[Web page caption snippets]
◆ ◆ ◆ ◆ ◆ ◆ ◆

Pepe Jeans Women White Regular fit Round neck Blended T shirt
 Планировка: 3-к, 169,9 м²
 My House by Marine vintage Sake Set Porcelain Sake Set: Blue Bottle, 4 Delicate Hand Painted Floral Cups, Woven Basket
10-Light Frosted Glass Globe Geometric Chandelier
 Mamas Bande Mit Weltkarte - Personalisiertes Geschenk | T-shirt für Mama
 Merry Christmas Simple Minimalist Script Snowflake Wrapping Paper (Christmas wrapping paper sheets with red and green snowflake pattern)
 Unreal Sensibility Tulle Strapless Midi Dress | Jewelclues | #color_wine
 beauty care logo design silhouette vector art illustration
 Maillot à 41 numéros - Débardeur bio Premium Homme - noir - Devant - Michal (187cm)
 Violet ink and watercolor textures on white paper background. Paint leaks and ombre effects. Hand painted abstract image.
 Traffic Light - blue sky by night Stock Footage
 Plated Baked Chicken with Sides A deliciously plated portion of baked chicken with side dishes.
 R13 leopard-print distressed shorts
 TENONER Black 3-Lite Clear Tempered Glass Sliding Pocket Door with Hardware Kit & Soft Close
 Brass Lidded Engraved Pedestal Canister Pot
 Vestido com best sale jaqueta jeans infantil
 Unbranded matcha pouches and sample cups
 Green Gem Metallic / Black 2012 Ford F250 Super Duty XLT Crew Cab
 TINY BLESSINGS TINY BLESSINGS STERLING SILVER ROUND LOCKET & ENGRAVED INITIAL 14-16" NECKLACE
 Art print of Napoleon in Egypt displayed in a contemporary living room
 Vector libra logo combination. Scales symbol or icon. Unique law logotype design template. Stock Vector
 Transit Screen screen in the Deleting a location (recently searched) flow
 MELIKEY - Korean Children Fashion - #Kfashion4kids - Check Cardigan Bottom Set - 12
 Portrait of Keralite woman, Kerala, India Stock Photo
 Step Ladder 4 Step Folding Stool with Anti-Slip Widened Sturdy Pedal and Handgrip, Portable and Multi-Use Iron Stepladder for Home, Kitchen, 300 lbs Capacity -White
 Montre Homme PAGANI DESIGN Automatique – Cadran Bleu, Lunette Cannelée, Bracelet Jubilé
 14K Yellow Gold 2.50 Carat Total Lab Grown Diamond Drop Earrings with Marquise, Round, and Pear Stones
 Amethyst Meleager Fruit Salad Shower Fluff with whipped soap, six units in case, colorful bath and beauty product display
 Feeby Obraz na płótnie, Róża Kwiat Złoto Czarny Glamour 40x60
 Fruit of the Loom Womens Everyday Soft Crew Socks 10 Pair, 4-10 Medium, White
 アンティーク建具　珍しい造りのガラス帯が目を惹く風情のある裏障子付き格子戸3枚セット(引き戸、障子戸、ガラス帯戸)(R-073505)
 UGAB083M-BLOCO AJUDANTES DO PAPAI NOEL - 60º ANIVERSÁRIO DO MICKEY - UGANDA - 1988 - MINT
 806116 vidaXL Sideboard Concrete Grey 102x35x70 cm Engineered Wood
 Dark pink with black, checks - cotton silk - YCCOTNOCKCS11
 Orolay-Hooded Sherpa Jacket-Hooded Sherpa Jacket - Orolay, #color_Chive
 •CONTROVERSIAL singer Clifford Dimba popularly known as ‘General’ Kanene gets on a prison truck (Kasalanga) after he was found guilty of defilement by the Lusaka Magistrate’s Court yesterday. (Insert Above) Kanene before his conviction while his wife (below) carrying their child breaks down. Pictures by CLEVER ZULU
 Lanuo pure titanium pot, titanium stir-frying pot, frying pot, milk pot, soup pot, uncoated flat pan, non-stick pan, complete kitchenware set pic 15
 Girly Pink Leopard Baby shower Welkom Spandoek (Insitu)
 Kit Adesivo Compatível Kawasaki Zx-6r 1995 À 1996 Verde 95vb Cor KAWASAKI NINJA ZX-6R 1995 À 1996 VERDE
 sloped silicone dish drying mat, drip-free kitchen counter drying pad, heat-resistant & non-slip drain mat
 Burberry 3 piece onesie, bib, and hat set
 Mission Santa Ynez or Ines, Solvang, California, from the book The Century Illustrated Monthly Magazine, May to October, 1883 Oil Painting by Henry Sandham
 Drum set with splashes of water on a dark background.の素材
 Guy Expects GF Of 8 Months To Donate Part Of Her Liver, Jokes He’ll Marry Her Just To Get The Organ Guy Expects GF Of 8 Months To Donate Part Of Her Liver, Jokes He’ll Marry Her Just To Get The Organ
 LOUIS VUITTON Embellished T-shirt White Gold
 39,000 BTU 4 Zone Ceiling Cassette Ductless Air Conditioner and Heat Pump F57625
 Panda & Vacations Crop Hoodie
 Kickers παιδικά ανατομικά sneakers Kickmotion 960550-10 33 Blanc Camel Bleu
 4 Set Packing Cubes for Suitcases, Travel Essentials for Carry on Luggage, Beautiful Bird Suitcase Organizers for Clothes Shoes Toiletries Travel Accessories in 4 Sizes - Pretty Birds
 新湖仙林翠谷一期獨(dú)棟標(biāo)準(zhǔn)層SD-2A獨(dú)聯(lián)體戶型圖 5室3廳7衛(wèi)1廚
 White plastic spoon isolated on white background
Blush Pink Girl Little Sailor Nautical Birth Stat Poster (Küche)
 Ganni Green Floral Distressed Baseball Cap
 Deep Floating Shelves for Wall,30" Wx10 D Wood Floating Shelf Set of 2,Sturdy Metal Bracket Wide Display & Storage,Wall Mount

◆ ◆ ◆ ◆ ◆ ◆ ◆

Once the line with "Unbranded matcha pouches and sample cups" is found in the records above, print exactly that line and every line after it through the line with "アンティーク建具　珍しい造り".

=== RESULT OF THE TASK ===
 Unbranded matcha pouches and sample cups
 Green Gem Metallic / Black 2012 Ford F250 Super Duty XLT Crew Cab
 TINY BLESSINGS TINY BLESSINGS STERLING SILVER ROUND LOCKET & ENGRAVED INITIAL 14-16" NECKLACE
 Art print of Napoleon in Egypt displayed in a contemporary living room
 Vector libra logo combination. Scales symbol or icon. Unique law logotype design template. Stock Vector
 Transit Screen screen in the Deleting a location (recently searched) flow
 MELIKEY - Korean Children Fashion - #Kfashion4kids - Check Cardigan Bottom Set - 12
 Portrait of Keralite woman, Kerala, India Stock Photo
 Step Ladder 4 Step Folding Stool with Anti-Slip Widened Sturdy Pedal and Handgrip, Portable and Multi-Use Iron Stepladder for Home, Kitchen, 300 lbs Capacity -White
 Montre Homme PAGANI DESIGN Automatique – Cadran Bleu, Lunette Cannelée, Bracelet Jubilé
 14K Yellow Gold 2.50 Carat Total Lab Grown Diamond Drop Earrings with Marquise, Round, and Pear Stones
 Amethyst Meleager Fruit Salad Shower Fluff with whipped soap, six units in case, colorful bath and beauty product display
 Feeby Obraz na płótnie, Róża Kwiat Złoto Czarny Glamour 40x60
 Fruit of the Loom Womens Everyday Soft Crew Socks 10 Pair, 4-10 Medium, White
 アンティーク建具　珍しい造りのガラス帯が目を惹く風情のある裏障子付き格子戸3枚セット(引き戸、障子戸、ガラス帯戸)(R-073505)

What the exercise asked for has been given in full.